The BN implementation

import torch
import torch.nn as nn

class CustomBatchNorm2d(nn.BatchNorm2d):
    def __init__(self, num_features, eps=1e-5, momentum=0.1,
                 affine=True, track_running_stats=True):
        super(CustomBatchNorm2d, self).__init__(
            num_features, eps, momentum, affine, track_running_stats)
        self.set_phase(phase=1)

        self.register_buffer('batch_mean', torch.zeros(num_features))
        self.register_buffer('batch_var', torch.ones(num_features))
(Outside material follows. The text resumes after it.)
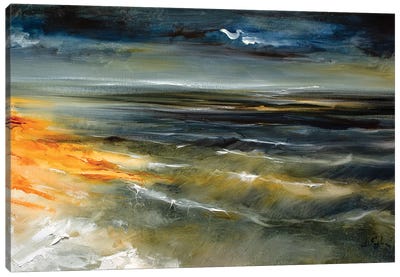 The Rough Sea Canvas Art Print - Bozhena Fuchs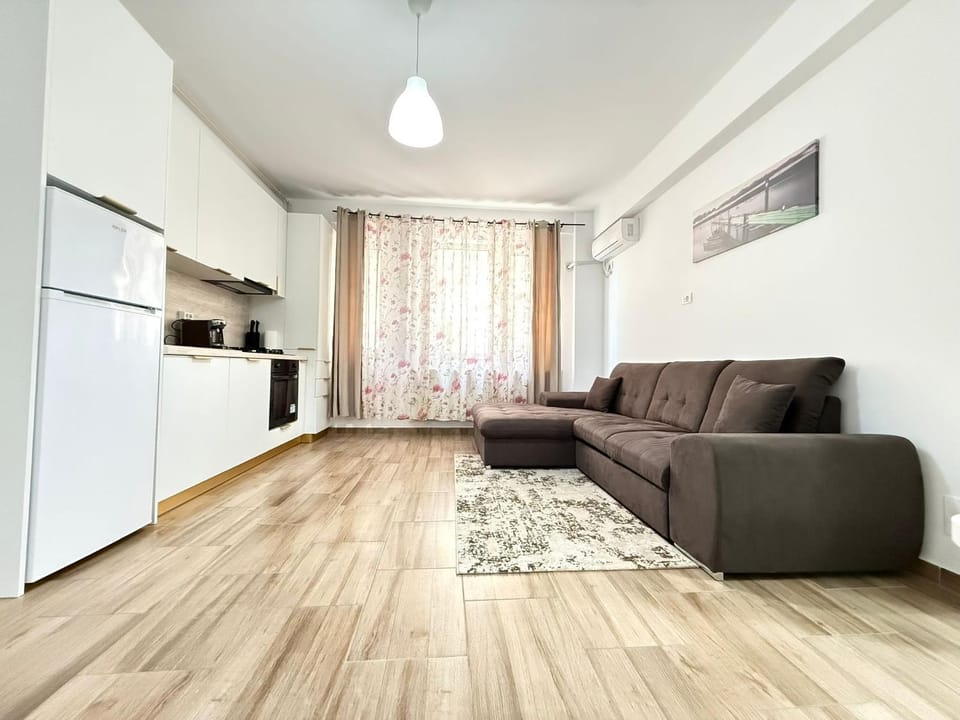 Living room, kitchen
    def set_phase(self, phase=1):
        self.phase = phase

    def end_cycle(self): # reset the current batch mean and variance
        self.batch_mean.zero_()
        self.batch_var.fill_(1)
        self.set_phase(phase =1)

    def forward(self, input):
        self._check_input_dim(input)

        exponential_average_factor = 0.0

        if self.training and self.track_running_stats:
            if self.phase == 1: #only update the running mean and var in phase one 
                if self.num_batches_tracked is not None:
                    self.num_batches_tracked += 1
                    if self.momentum is None:  # use cumulative moving average
                        exponential_average_factor = 1.0 / float(self.num_batches_tracked)
                    else:  # use exponential moving average
                        exponential_average_factor = self.momentum

        # calculate running estimates
        if self.training:
            mean = input.mean([0, 2, 3])
            # use biased var in train
            var = input.var([0, 2, 3], unbiased=False)
            n = input.numel() / input.size(1)
            if self.phase == 1:        # pahse one, update the running mean and var, as well as save the curr mean and var
                with torch.no_grad():
                    self.running_mean = exponential_average_factor * mean\
                        + (1 - exponential_average_factor) * self.running_mean
                    # update running_var with unbiased var
                    self.running_var = exponential_average_factor * var * n / (n - 1)\
                        + (1 - exponential_average_factor) * self.running_var
                    self.batch_mean.copy_(mean)
                    self.batch_var.copy_(var)
            elif self.phase == 2 : # pahse two, use the saved mean and variance for the whole batch 
                 mean = self.batch_mean
                 var = self.batch_var
        else: # eval, use the running mean and variance
            mean = self.running_mean
            var = self.running_var

        input = (input - mean[None, :, None, None]) / (torch.sqrt(var[None, :, None, None] + self.eps))
        if self.affine:
            input = input * self.weight[None, :, None, None] + self.bias[None, :, None, None]

        return input

Also the training loop for one batch (single iteration)

    model.train()
    model.zero_grad()  

  
    for layer in model.modules():
        if isinstance(layer, nn.BatchNorm2d):
            layer.set_phase(phase=1)

    with torch.no_grad():
        _ = model(imgs)
    model.zero_grad()
    model.train()

    for layer in model.modules():
        if isinstance(layer, nn.BatchNorm2d):
            layer.set_phase(phase=2)

    splits = 4
    split_batch = int(imgs.size()[0]/ splits)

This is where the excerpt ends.